Friday, September 06, 2013

 

Nicolas Catherinot

Mark Pattison (1813–1884), "Books and Critics," Fortnightly Review, n.s. 22 (1877) 659-679 (at 660):
Did you ever hear of Catherinot? No! Well Catherinot was a French antiquary of the seventeenth century; a very learned one, if learning means to have read many books without understanding. Catherinot printed, whether at his own cost or another's I can't say, a vast number of dissertations on matters of antiquity. David Clément, the curious bibliographer, has collected the titles of one hundred and eighty-two of those dissertations, and adds there were more of them which he had not been able to find. Nobody wanted these dissertations of Catherinot. He wrote them and printed them for his own gratification. As the public would not take his paperasses, as Valesius called them, he had recourse to a device to force a circulation for them. There was then no penny post, so he could not, like Herman Heinfetter, post his lucubrations to all likely addresses, but he used to go round the quais in Paris, where the old bookstalls are, and, while pretending to be looking over the books, slip some of his dissertations between the volumes of the boutiquier. In this way the one hundred and eighty-two or more have come down to us. Catherinot is a bye-word, the typical case of scribbleomania, — of the insanabile scribendi cacoethes — but the malady is not unknown to our time, and accounts for some of our many reams of print.
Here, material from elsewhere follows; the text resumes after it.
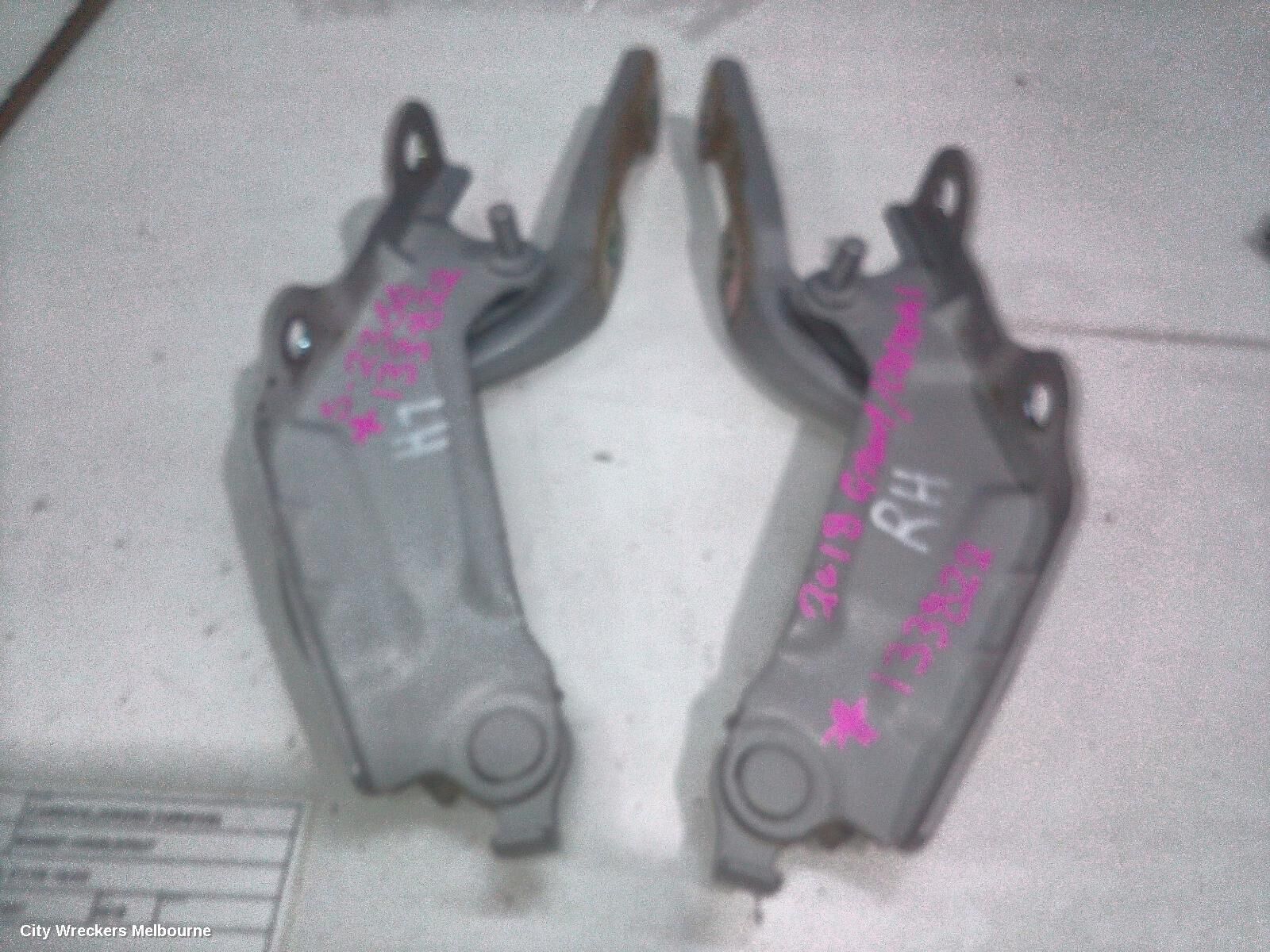 KIA CARNIVAL/GRAND CARNIVAL 2018 Bonnet Hinge/Strut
For more on Nicolas Catherinot (1628-1688), see
Niceron (pp. 206-208) and Laboulaye (p. 44) print an amusing Latin poem by Catherinot, which I reproduce here:
AUCTOR AD PUBLIUM ET AULUM.

Edo breves libros; vitio mihi vertitis; atqui
    Tu nullos Publi, tu facis, Aule, malos.
Edo breves libros; quia desunt otia; magnos
    Edam aut majores, otia cum fuerint.
Edo breves libros; nobis studiosus Apollo
    Perspicua melius nil brevitate dedit.
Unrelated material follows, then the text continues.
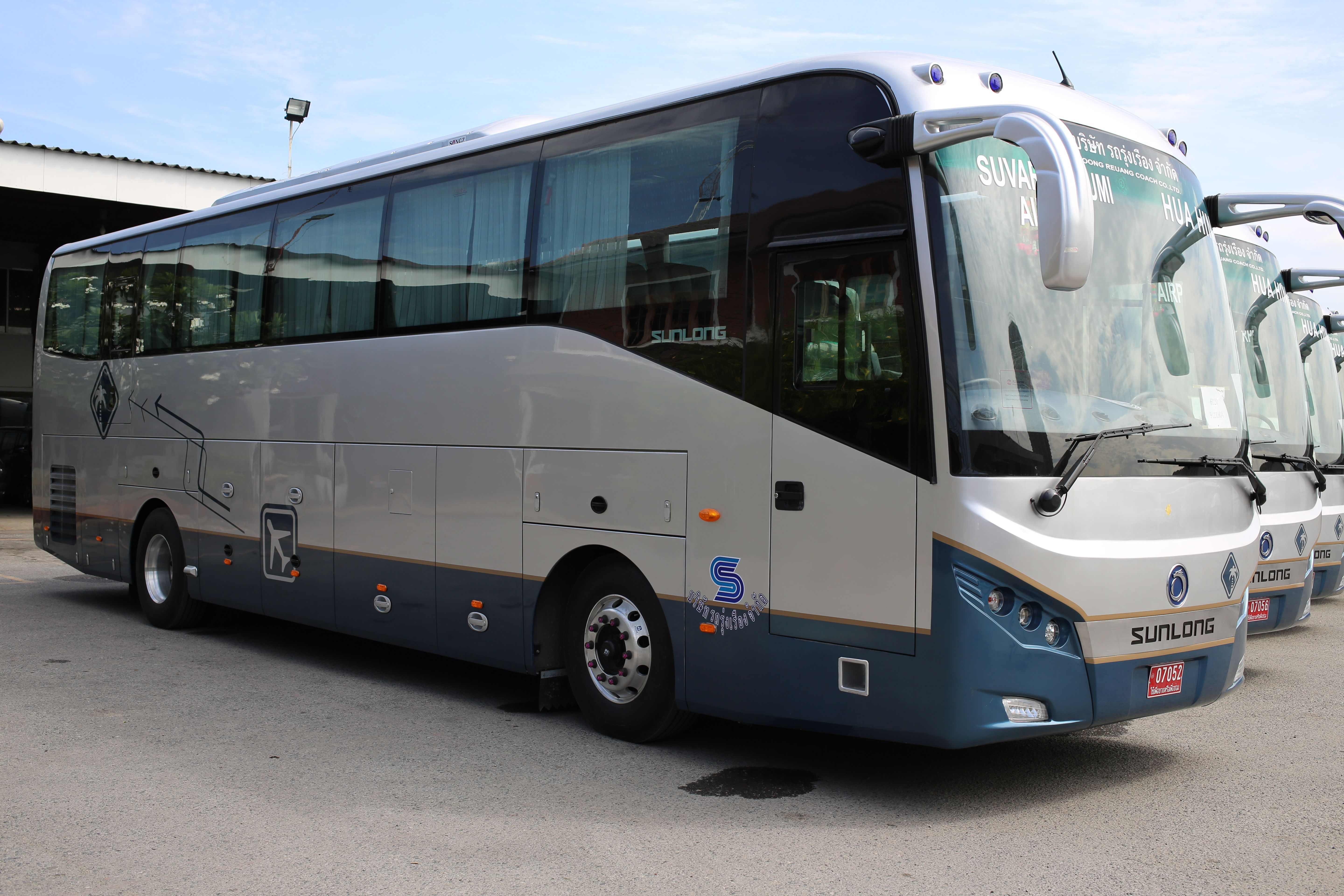 Roong Reuang Coach Book your ride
Edo breves libros; brevis est insania nostra,
    Et quo fit brevior, fit minus illa mala.
Edo breves libros; quia passim gaudeo ferri,
    Gaudeo tractari, gaudeo saepe teri.
Edo breves libros; tot parvos junge libellos,
    Et tibi non unum grande volumen habes.
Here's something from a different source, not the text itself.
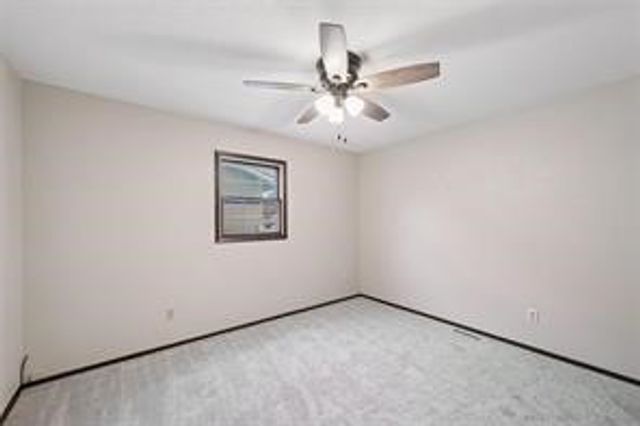 201 Grove Street NW, Shellsburg, IA 52332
Edo breves libros; tales fecisse videntur
    Hippocrates magnus, magnus Aristoteles.
Edo breves libros; quia qualia qualia nempe
    Impensis nostris edimus haec brevia.
Edo breves libros; quia magnus dicitur esse,
    Et vere magnum dicitur esse malum.
Edo breves libros, odio est mihi maxima fama;
    Aut minus, aut minimum cognitus esse volo.